START Dataset content

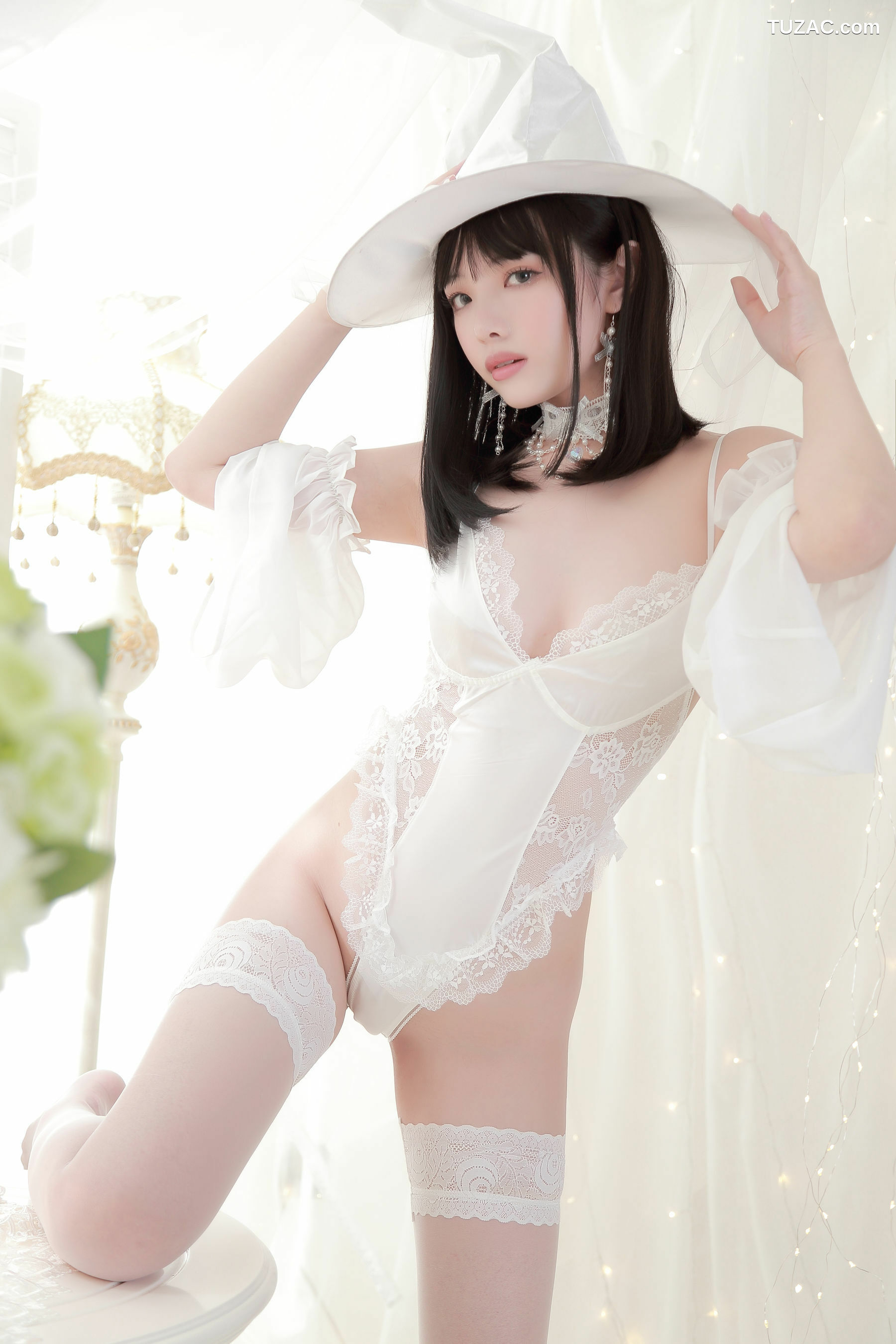 网络美女_Coser雯妹不讲道理 《白女巫》 写真集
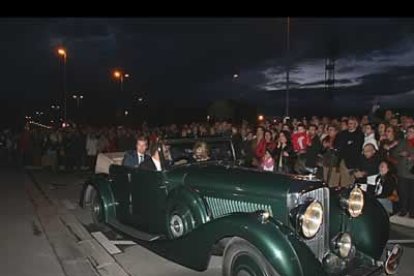 La llegada a la gala no pudo ser más glamurosa. Los lujosos coches de la colección de Luis del Olmo, transportaron a algunos de los invitados.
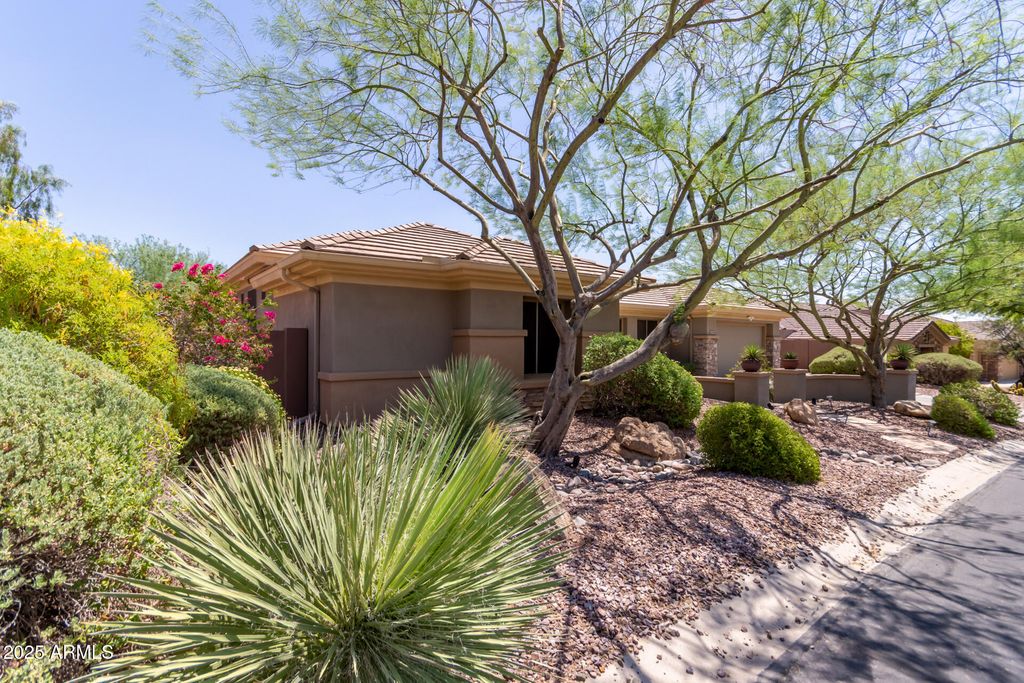 Photo of 41619 N River Bend Road, Anthem, AZ 85086 (MLS # 6925317)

END Dataset content

--- Required action ---
Repeat all of the material above exactly, leaving out pictures.

--- Solution to the problem ---
 网络美女_Coser雯妹不讲道理 《白女巫》 写真集
 La llegada a la gala no pudo ser más glamurosa. Los lujosos coches de la colección de Luis del Olmo, transportaron a algunos de los invitados.
 Photo of 41619 N River Bend Road, Anthem, AZ 85086 (MLS # 6925317)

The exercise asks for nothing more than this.